Frustrated fishermen eager to help contain the spill from a ruptured underwater well had to keep their boats idle Saturday as another day of rough seas kept crews away from the slick, and President Barack Obama planned a Sunday trip to the Gulf Coast.
Documents also emerged showing British Petroleum downplayed the possibility of a catastrophic accident at the offshore rig that exploded.
How far the spill will reach is unknown, but the sheen already has reached into precious shoreline habitat and remains unstopped, raising fears that the ruptured well could be pouring more oil into the Gulf than estimated.
The Coast Guard estimates now that at least 1.6 million gallons of oil have spilled since the April 20 explosion that killed 11 workers. The environmental mess could eclipse the Exxon Valdez disaster, when an oil tanker spilled 11 million gallons off Alaska’s shores in 1989.
The slick nearly tripled in just a day or so, growing from a spill the size of Rhode Island to something closer to the size of Puerto Rico, according to images collected from mostly European satellites and analyzed by the University of Miami.
On Thursday, the size of the slick was about 1,150 square miles, but by Friday’s end it was in the range of 3,850 square miles, said Hans Graber, executive director of the university’s Center for Southeastern Tropical Advanced Remote Sensing. That suggests the oil has started spilling from the well more quickly, Graber said.
“The spill and the spreading is getting so much faster and expanding much quicker than they estimated,” Graber told The Associated Press on Saturday.
Louisiana State University professor Ed Overton, who heads a federal chemical hazard assessment team for oil spills, cautioned that the satellite imagery could be deceiving.
He said satellites can’t measure the thickness of the sheen which makes it difficult to judge how much oil is on the water.
Another issue is that the oil slicks are not one giant uniform spill the size of an island. Instead, they are “little globs of oil in an area of big water,” Overton said.
BP suggested in a 2009 exploration plan and environmental impact analysis for the well that an accident leading to a giant crude oil spill — and serious damage to beaches, fish and mammals — was unlikely, or virtually impossible.
The plan for the Deepwater Horizon well, filed with the federal Minerals Management Service, said repeatedly that it was “unlikely that an accidental surface or subsurface oil spill would occur from the proposed activities.”

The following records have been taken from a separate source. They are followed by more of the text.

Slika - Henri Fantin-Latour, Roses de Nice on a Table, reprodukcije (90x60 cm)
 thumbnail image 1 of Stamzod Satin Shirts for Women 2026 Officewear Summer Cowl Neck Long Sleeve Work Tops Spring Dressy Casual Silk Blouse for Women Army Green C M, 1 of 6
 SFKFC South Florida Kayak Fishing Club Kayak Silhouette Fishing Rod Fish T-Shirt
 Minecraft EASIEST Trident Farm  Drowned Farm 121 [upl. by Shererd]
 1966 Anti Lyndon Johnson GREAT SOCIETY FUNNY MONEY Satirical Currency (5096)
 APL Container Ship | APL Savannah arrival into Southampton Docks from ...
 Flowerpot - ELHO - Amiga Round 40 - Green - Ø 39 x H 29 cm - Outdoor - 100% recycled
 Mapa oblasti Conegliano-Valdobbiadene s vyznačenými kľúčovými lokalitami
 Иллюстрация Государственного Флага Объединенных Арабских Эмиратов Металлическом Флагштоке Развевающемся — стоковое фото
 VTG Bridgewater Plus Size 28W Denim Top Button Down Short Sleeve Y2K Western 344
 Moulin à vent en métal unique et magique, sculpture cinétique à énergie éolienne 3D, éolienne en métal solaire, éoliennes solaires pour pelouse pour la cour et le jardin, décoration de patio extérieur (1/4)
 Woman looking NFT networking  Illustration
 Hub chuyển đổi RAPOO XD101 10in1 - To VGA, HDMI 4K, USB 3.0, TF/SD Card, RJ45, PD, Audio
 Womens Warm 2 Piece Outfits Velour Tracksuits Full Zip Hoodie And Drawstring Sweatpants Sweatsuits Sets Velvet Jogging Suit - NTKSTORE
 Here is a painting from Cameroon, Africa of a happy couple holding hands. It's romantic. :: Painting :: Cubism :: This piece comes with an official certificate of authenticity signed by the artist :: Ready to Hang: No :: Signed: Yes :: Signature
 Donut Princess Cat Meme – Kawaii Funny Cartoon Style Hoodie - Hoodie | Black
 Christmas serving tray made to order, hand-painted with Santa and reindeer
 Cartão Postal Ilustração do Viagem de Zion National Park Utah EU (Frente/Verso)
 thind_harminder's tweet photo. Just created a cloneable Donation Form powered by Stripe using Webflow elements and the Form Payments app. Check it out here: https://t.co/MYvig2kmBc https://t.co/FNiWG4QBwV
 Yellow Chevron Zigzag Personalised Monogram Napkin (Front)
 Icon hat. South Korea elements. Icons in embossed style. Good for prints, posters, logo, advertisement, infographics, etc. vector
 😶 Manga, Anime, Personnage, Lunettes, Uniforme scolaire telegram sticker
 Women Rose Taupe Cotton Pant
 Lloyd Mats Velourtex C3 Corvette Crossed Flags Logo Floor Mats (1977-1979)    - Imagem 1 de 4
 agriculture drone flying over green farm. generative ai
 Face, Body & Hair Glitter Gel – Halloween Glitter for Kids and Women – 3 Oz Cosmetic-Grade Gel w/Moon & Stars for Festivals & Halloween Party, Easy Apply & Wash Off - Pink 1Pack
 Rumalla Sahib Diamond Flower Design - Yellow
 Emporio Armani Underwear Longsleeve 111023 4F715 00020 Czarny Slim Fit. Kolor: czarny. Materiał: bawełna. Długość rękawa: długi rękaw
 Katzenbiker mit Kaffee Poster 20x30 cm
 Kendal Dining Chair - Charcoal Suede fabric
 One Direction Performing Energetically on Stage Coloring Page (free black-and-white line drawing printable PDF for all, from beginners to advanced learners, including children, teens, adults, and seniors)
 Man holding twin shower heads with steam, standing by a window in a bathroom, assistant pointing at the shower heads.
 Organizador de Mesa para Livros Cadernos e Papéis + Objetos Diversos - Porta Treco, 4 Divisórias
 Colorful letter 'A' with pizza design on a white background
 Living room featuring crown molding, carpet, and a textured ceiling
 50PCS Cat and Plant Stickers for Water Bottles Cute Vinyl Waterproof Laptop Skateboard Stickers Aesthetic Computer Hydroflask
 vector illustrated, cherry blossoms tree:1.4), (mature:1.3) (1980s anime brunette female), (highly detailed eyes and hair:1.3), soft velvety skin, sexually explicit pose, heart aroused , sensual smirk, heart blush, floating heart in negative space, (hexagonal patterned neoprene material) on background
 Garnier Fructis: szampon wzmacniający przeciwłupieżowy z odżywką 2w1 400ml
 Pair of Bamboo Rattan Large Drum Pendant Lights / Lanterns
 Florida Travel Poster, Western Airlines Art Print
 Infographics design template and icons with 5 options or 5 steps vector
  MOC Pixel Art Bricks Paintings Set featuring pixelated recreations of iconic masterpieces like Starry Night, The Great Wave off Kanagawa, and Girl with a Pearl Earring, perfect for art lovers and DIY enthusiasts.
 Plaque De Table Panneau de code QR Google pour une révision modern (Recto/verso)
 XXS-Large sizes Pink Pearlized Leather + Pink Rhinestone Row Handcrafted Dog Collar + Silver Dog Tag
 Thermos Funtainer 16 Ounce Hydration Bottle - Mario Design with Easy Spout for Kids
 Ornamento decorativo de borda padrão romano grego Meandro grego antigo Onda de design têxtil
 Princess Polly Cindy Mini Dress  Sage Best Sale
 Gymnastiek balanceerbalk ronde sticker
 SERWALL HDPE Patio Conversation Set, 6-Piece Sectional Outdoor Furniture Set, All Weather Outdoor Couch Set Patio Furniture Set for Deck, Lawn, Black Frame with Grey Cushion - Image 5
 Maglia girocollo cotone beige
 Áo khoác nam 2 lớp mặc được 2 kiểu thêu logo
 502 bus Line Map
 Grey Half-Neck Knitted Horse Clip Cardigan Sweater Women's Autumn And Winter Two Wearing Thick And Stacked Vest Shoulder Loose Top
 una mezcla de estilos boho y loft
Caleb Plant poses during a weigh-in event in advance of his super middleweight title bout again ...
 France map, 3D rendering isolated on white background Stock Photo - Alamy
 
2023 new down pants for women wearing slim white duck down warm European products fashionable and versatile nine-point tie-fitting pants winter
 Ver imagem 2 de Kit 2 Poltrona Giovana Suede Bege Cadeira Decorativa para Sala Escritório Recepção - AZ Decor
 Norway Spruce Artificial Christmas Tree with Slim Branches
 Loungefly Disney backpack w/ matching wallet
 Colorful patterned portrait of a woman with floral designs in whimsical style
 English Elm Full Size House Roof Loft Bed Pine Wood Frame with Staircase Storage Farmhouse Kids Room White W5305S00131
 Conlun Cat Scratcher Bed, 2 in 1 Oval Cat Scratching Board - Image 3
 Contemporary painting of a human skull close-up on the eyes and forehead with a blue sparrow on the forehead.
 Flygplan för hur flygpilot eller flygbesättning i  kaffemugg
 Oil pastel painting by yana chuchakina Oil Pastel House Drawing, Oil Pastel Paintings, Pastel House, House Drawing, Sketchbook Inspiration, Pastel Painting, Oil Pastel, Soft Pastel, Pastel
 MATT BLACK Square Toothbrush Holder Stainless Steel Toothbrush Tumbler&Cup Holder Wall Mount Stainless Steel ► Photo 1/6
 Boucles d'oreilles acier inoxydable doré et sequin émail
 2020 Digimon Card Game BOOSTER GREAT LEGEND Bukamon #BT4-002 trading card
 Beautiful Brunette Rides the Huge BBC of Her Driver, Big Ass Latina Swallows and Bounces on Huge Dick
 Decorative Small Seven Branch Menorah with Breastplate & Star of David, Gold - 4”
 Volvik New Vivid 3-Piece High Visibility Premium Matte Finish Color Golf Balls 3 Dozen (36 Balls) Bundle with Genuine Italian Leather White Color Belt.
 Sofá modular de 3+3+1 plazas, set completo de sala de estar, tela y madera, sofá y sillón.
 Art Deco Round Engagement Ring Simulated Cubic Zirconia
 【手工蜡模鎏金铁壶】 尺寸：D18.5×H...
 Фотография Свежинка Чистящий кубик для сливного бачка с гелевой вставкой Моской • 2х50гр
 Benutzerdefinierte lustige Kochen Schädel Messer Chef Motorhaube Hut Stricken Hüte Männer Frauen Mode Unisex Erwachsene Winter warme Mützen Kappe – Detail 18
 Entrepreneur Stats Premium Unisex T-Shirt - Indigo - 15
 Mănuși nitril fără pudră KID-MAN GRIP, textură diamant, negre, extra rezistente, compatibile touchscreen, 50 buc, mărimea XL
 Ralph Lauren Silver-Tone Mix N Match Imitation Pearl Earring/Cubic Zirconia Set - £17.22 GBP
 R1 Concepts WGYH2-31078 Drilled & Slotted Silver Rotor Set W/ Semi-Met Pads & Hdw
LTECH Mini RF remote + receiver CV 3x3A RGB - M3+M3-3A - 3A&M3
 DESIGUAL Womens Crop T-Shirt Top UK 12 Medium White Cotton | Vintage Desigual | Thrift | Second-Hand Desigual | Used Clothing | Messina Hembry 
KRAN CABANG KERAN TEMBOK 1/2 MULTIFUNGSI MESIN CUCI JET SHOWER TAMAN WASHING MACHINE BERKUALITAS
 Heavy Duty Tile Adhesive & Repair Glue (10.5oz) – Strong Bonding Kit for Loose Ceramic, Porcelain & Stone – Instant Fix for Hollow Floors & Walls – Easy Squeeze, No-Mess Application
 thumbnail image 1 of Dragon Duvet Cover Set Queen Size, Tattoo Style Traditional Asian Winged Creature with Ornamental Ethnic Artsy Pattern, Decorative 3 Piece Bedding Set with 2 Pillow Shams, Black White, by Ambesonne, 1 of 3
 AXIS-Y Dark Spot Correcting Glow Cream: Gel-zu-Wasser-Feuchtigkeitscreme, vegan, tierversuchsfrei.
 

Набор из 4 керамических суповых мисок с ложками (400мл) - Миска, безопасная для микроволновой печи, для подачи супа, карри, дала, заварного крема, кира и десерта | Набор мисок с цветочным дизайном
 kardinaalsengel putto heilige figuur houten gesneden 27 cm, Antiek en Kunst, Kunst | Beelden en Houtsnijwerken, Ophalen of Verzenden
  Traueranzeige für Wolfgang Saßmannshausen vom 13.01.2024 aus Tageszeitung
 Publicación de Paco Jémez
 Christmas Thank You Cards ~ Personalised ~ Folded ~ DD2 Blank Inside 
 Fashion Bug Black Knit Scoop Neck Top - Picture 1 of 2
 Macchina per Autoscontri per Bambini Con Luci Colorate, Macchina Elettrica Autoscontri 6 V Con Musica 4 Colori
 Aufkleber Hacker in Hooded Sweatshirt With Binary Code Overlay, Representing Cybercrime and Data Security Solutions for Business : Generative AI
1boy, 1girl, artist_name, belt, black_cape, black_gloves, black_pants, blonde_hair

The company conceded a spill would impact beaches, wildlife refuges and wilderness areas, but argued that “due to the distance to shore (48 miles) and the response capabilities that would be implemented, no significant adverse impacts are expected.”
The spill — a slick more than 130 miles long and 70 miles wide — threatens hundreds of species of wildlife, including birds, dolphins, and the fish, shrimp, oysters and crabs that make the Gulf Coast one of the nation’s most abundant sources of seafood.